There’s a bit of some personal history in my quest to meet Pete Seeger. Growing up in Burlington, Iowa, I was a frequent visitor to the Public Library (still am, when I get back to Burlington; as well as libraries all over the country, at this point). Like most libraries, the one in Burlington has a collection of vinyl records that I would rummage through from time to time. It was in that collection of vinyl that I first discovered Andres Segovia and Pete Seeger.
Pete Seeger introduced me to folk music. The album had him playing a collection of his hits: “To Everything (Turn, Turn, Turn)”, “The Bells of Rhymney”, “We Shall Overcome”, a sprightly little instrumental thing called “Living In The Country”, and (of course) “Where Have All The Flowers Gone” (which I almost quote in my song, “The Great Grandma Batter Battle”). These, and many more had already become campfire staples that I had heard over the years while attending summer camp, and later learned to play and sing as a camp counsellor. I read about Pete Seeger: his working with Woodie Guthrie, their work with the union movement and other social causes, his work in the 60’s in the Civil Rights movement, and much more besides.

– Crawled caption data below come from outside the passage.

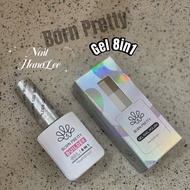 BORN PRETTY Gel 8in1 Nail Glue Transparent Gel Strong Soft Gel Tip Glue Rubber Base Diamond Nails 15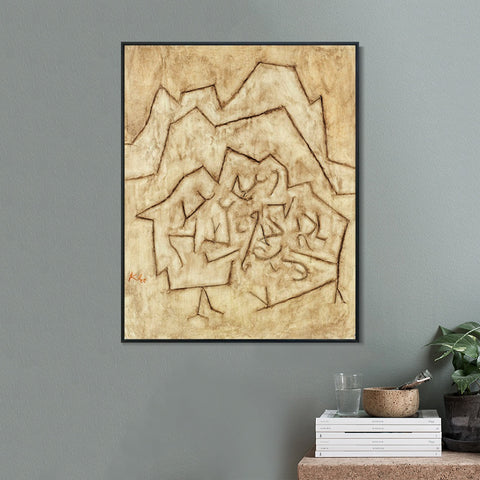 INVIN ART Framed Canvas Giclee Print Gebirgs Gartlein;1939 by Paul Klee Wall Art Living Room Home Office Decorations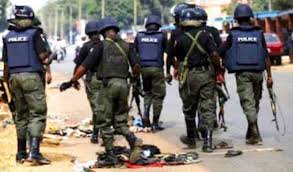 nigeria policemen on operation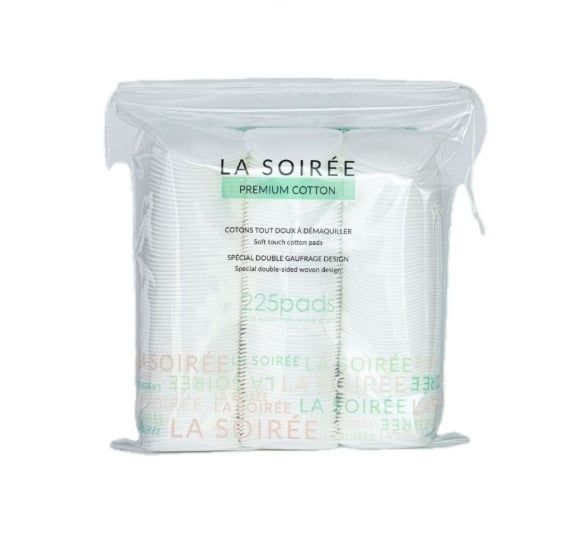 LA SOIREE_Bông Tẩy Trang Premium Cotton 225 Miếng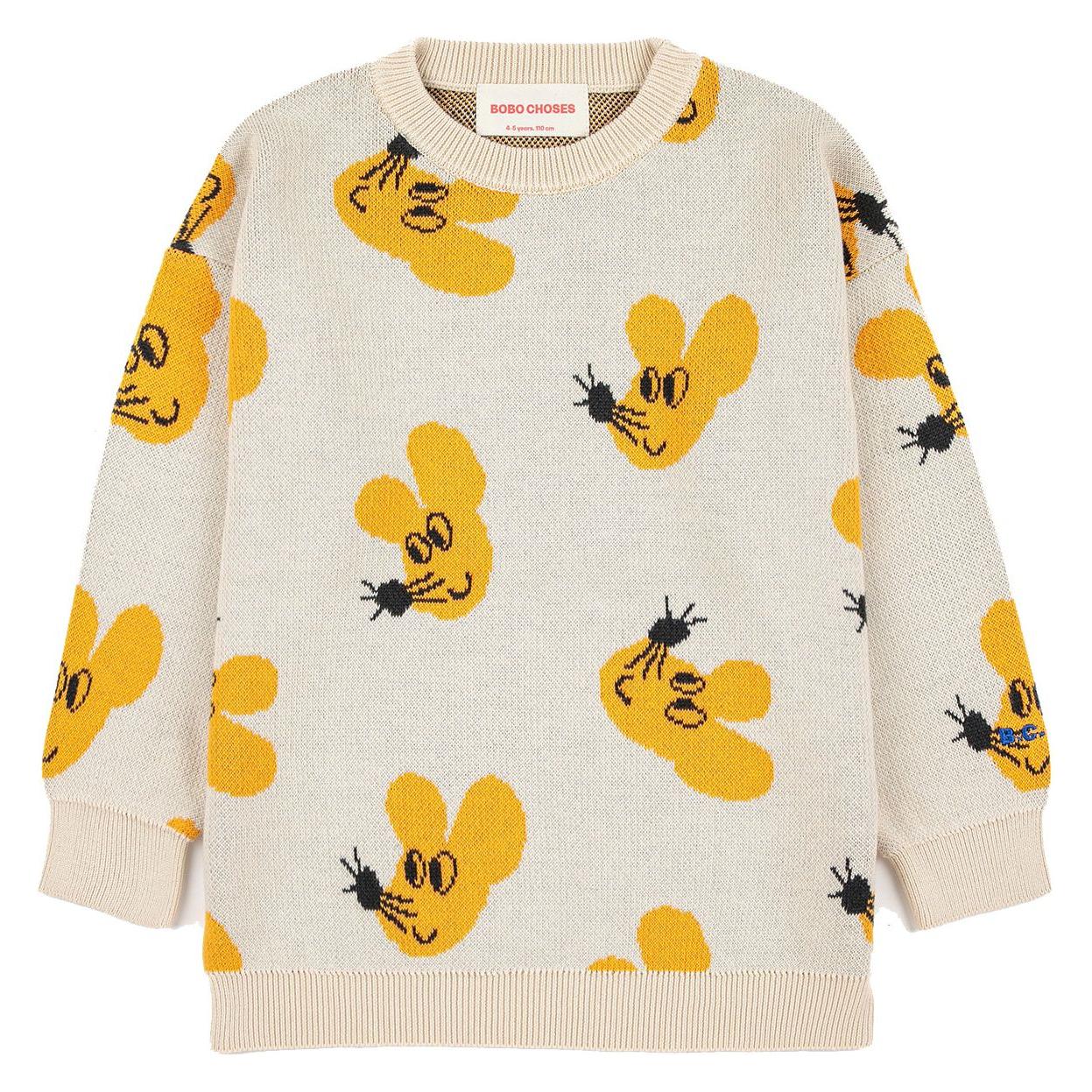 Mouse All Over Jacquard Cotton Jumper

I mentioned that I also discovered Andres Segovia. While Pete Seeger showed me the many and various possibilities as a folk musician, Segovia (who often called the guitar “a miniature orchestra in a box”) showed me just how versatile and expressive the guitar could be. I got to see Segovia, at Carnegie Hall, in 1981. He was in his 80’s himself, yet still playing beautifully. Segovia died at the age of 93, and was playing recitals and leading master classes up to a few months before his death. I have remarked to many of my friends that I hope to be so lucky; to do this thing I love so much over the course of a long and rich life.
It seems to me the same could be said for Pete Seeger. He is in his 90’s, still playing on occasion, still mentoring many other musicians. So in this way, as well, he becomes an inspiration for me.

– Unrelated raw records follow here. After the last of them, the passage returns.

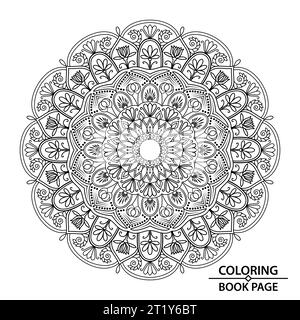 Mandalas pour la relaxation et la méditation Coloring Book page Design.Grab ces pages à colorier mandala faciles aujourd'hui et profiter de quelques minutes de sans interruption Illustration de Vecteur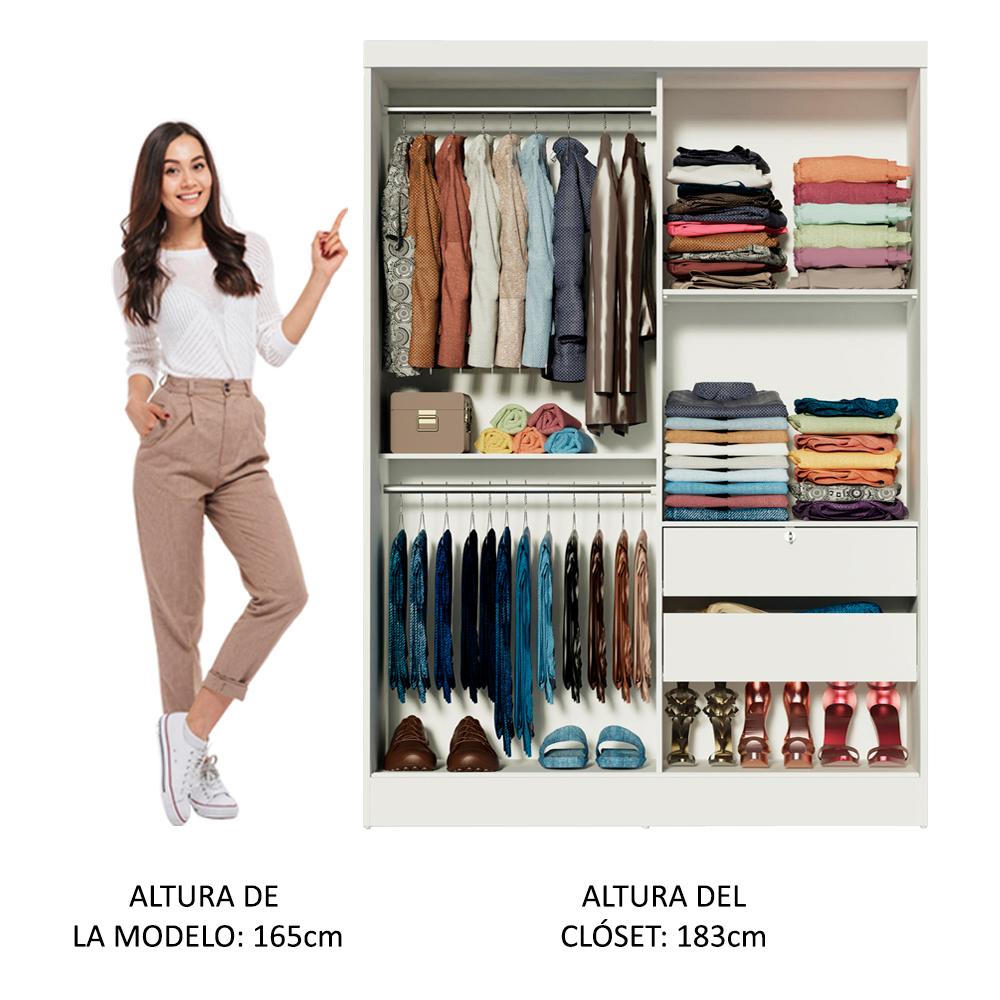 Foto 5 pulgar | Closet Luke Madesa 2 Puertas Corredizas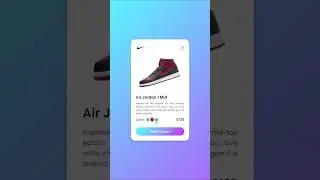 Product Card UI Design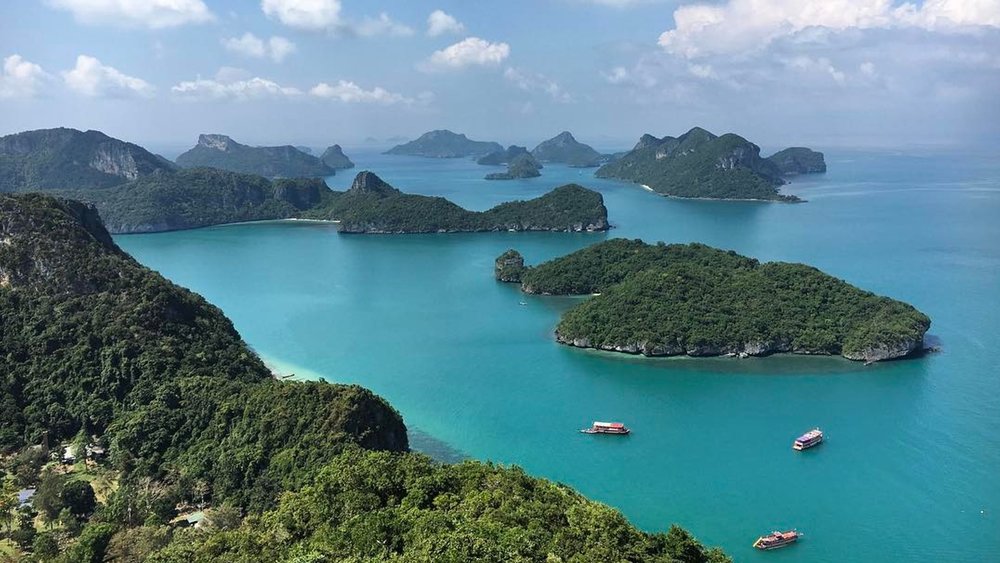 Discover the breathtaking wonders of Ang Thong National Marine Park's pristine seas. Credits: @angthongnationalmarinepark on Instagram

But there I was, on a Monday evening, less than a dozen miles from his house, and I found myself engaging in a bit of arm chair psychology, as I sought to understand what was behind this particular quest of mine. The thing is, my father passed away some three or so years ago. One of the things I have dearly missed is how in any given week I would call my Dad and let him know what I was up to: recording a new song, playing this or that new gig, teaching a new class, or whatever. And while Dad never had quite the same sense of adventure as I did (he was fond of saying that he was born in Burlington and he would die in Burlington, and he did), he was always ready to hear of my latest adventure.

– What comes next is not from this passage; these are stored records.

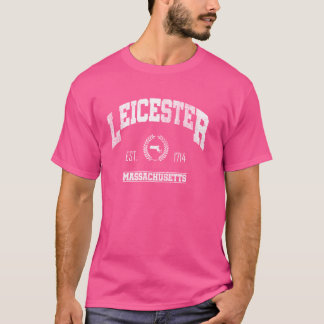 Leicester MA Massachusetts Vintage Throwback T-Shirt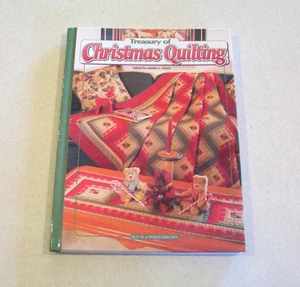 "Treasury of Christmas Quilting" Quilt Pattern Book Hardback - Picture 1 of 2
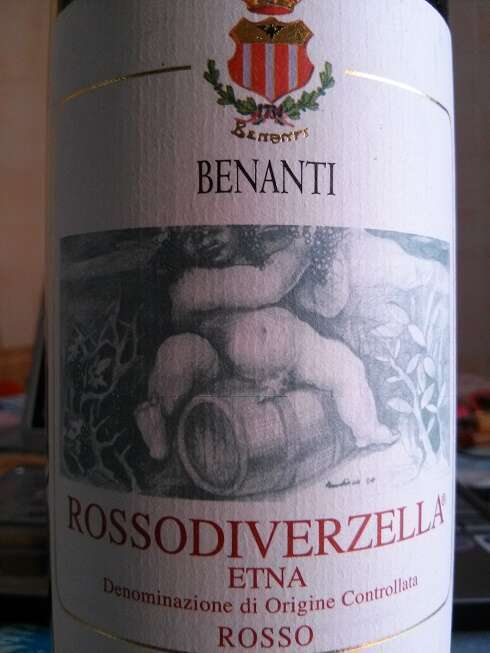 Etna Rosso Rosso Di Verzella 2012 Benanti
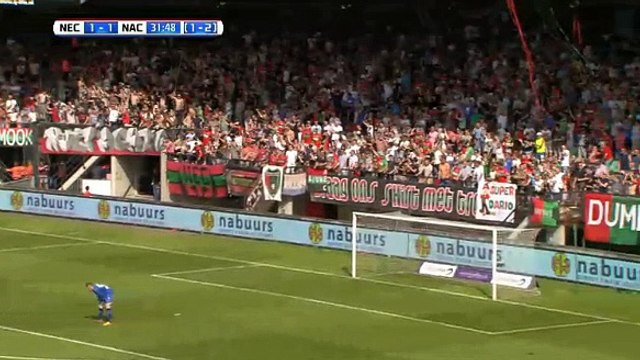 Breinburg GOAL (1:1) NEC Nijmegen vs NAC Breda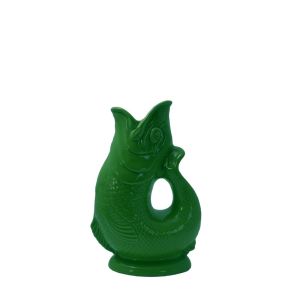 image shows Wade Ceramics Mini Gluggle Jug | Green against a blank, white background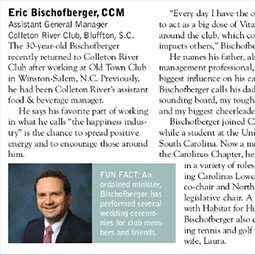 Eric Bischofberger headshot embedded in the article about him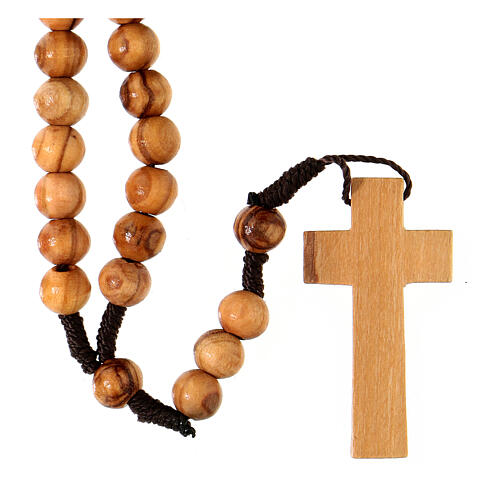 Holyland olive wood rosary 2
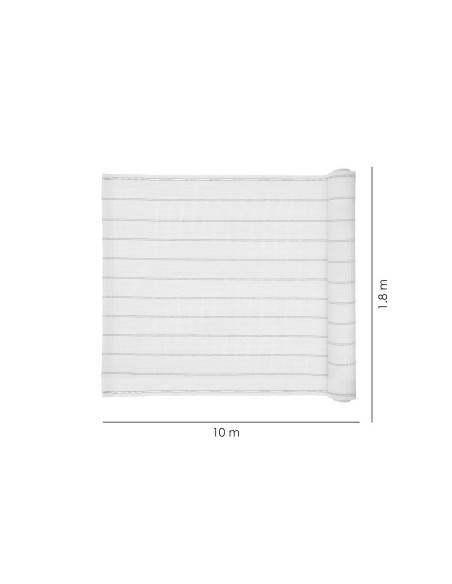 Paravan pentru balcon, terasa, gard, bej, 185 g/m2, UV, 10x1.8 m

But my father was never a musician. My grandfather, Al Engberg, had been a trumpet player. He played in the Burlington Municipal Band, as well as the occasional dance band that would play in town. I have this one very vivid memory of my Grandfather Engberg: there had been something of a family gathering that started as a picnic and ended up with most of the relatives congregating at the Nira Tavern (the tavern Grandpa Engberg started in 1933, when Prohibition was repealed). Someone played a song on the juke box, called “The Twist”, and everyone knew the dance that went with it, but no one was willing to get up and try it. Except me and Grandpa. I was about five years old then. Grandpa died about three years later, so I never got to know him all that well, and I never had a chance to talk with him about music.